Polisi Ungkap Motif Pembunuhan Dua Orang Bocah oleh Ayah Tirinya

0

MEDAN-SUMUT,dMagek.ID,- Poltabes Medan mengungkapkan motif pembunuhan yang dilakukan ayah kepada dua anak tirinya di Kota Medan, Sumatera Utara pada Jumat (21/6) malam. Tersangka  Rahmadsyah yang tega membunuh anak tirinya itu berdalih karena sakit hati disebut pelit ketika kedua anaknya itu minta dibelikan es krim.

“Yang bersangkutan mengaku  karena kesal dan jengkel sebab anak tirinya itu  minta dibelikan es, kemudian tidak dibelikan, salah satunya mengatakan bahwa ‘ah bapak pelit, kita cari bapak baru saja,’ seperti itu,” ujar Kapolrestabes Medan Kombes Pol Riko Sunarko dikutip dari siaran CNNIndonesia TV, Selasa (23/6).

Untuk mendalaminya, pada Senin (22/6) sore kemarin, polisi menggelar pra rekonstruksi di dekat sekolah Jalan Brigjen Katamso. Namun, proses itu dilanjutkan secara tertutup usai warga datang bergerombol di lokasi untuk melampiaskan kekesalan kepada pelaku.

Pada hari yang sama, jenazah kedua anak yang  berusia 5 dan 10 tahun tiba di rumah duka usai  dilakukan autopsi di Rumah Sakit Bhayangkara Kota Medan. Kedua jenazah lalu dimakamkan di pemakaman setempat.

Seperti diketahui, jenazah kedua korban ditemukan oleh warga di dekat sekolah kompleks dalam keadaan tak bernyawa, pada Minggu (21/6) lalu.

Sementara di rumah duka, nenek kedua korban, Muini tidak menyangka menantu nekat melakukan pembunuhan tersebut, pasalnya perilaku menantunya itu selama ini dinilai cukup baik.

Berdasarkan pengakuan Rahmadsyah, polisi menyebut pembunuhan terhadap kedua anaknya dilakukan di rumah kontrakan mereka di Jalan Brigjen Katamso, Gang Abadi, Jumat (20/6) malam.

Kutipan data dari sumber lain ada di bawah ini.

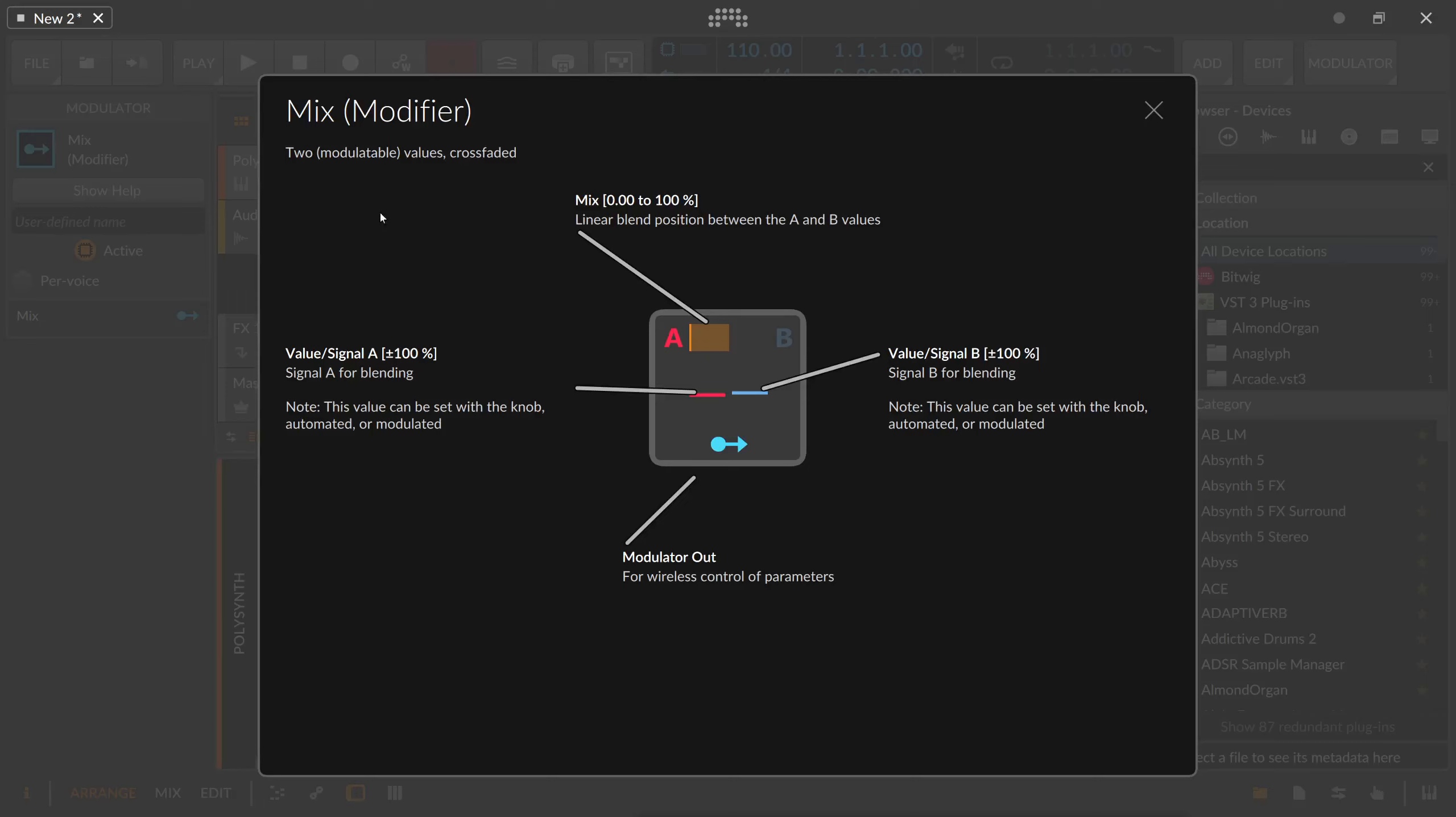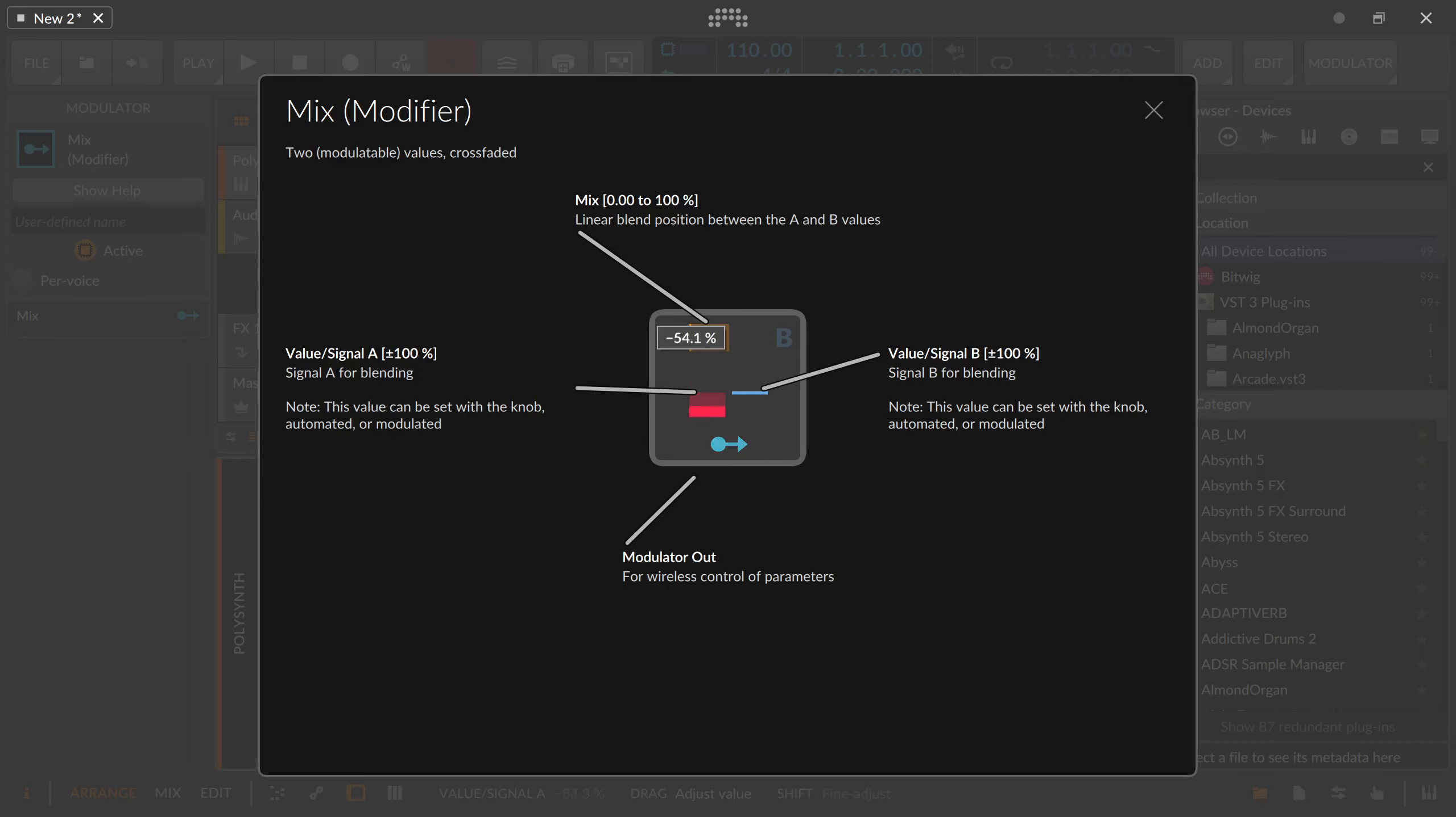This is the Mix Modifier or modulator of Bitwig Studio. Two modulatable values crossfaded, and it's actually pretty easy to use. You have two values A and B, and you can dial in positive values and negative values for A.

Saat tengah menonton televisi bersama di rumah kontrakannya, kedua anaknya meminta uang untuk membeli es krim, kepada Rahmadsyah menjawab tidak punya uang yang lantas anaknya mengumpat ayahnya dengan perkataan pelit.

Rahmadsyah emosi mendengar perkataan itu dan melakukan kekerasan terhadap kedua anak tirinya hingga mereka tewas. Ia lalu membuang jenazah keduanya di samping sekolah.

Ibu korban sepulang kerja menanyakan keberadaan kedua anaknya, namun tidak ada jawaban. Hingga Minggu (21/6) pagi Rahmadsyah mengirimkan chat melalui Facebook kepada istrinya dan mengakui telah membunuh kedua bocah itu.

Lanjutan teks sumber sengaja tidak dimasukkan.